If you are in need of refinancing your existing mortgage or taking out a second mortgage and are concerned that your credit score will prevent you from qualifying consider sub-prime options for your mortgage loan.
Mortgage lenders who offer sub-prime loans cater to people with bad credit. Traditional mortgage lenders specialize in low risk borrowers and mortgage products. These types of lenders will give you the best interest rates; however, they will not approve loans for individuals with poor credit ratings. Sub-prime mortgage loans are much easier to qualify for because the lenders will accept a higher amount of risk. You may be able to qualify for a 30 year fixed rate mortgage with little or no down payment; however you can expect to pay a premium for your interest rate. You will also have the option of an adjustable rate mortgage loan (ARM) which could get you a lower interest rate.
Because the lender is taking a greater risk by offering you a mortgage, these lenders will charge higher interest rates than traditional lenders. You might even be required to pay additional points up front and agree to more stringent terms. These terms could include early repayment penalties that could hinder your ability to refinance the mortgage loan.
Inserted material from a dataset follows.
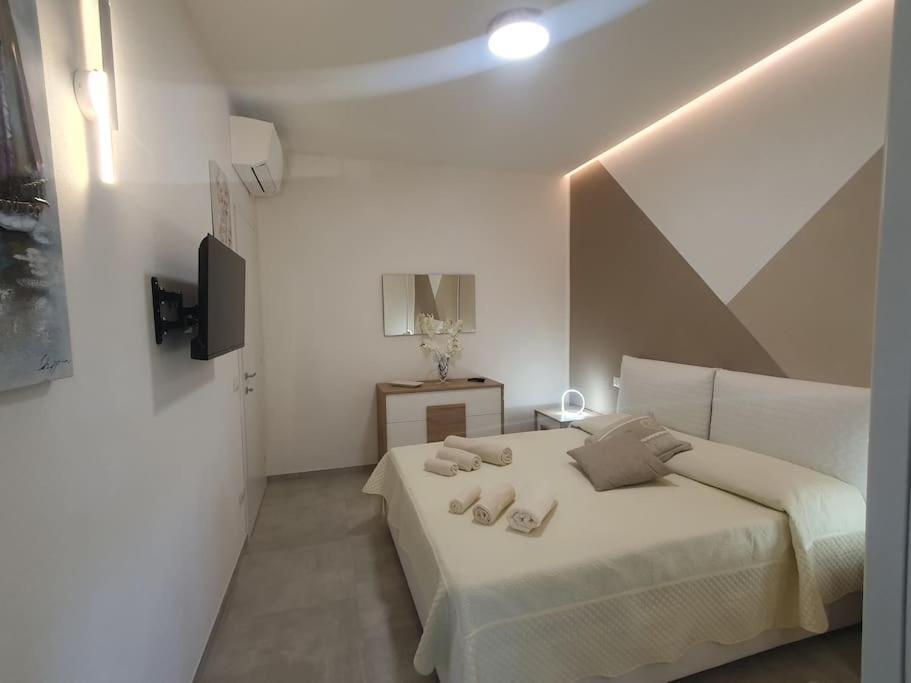 Lecci Al Mare Apartment Сан Винченцо Екстериор снимка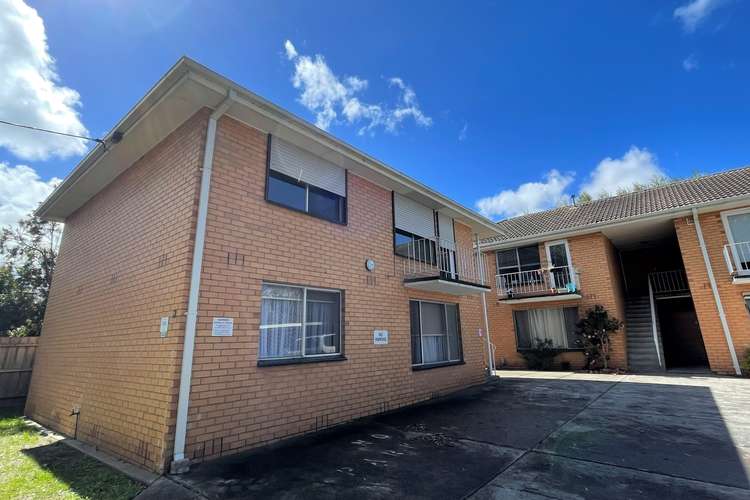 Second view of Homely apartment listing, 4/2 Paddington Road, Hughesdale VIC 3166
Make sure you do your homework first and shop around before selecting a sub-prime lender. This will ensure you are getting the best deal available and keep you away from mortgage scam artists. The good news about selecting a sub-prime lender is that you will not be required to purchase private mortgage insurance (PMI). This insurance does nothing for the homeowner and can add hundreds of dollars to your monthly payment amount.
Before selecting a sub-prime lender discuss the fees involved with several brokers and lenders. Some lenders will charge a fee upfront. These fees you pay upfront do not guarantee you a good deal.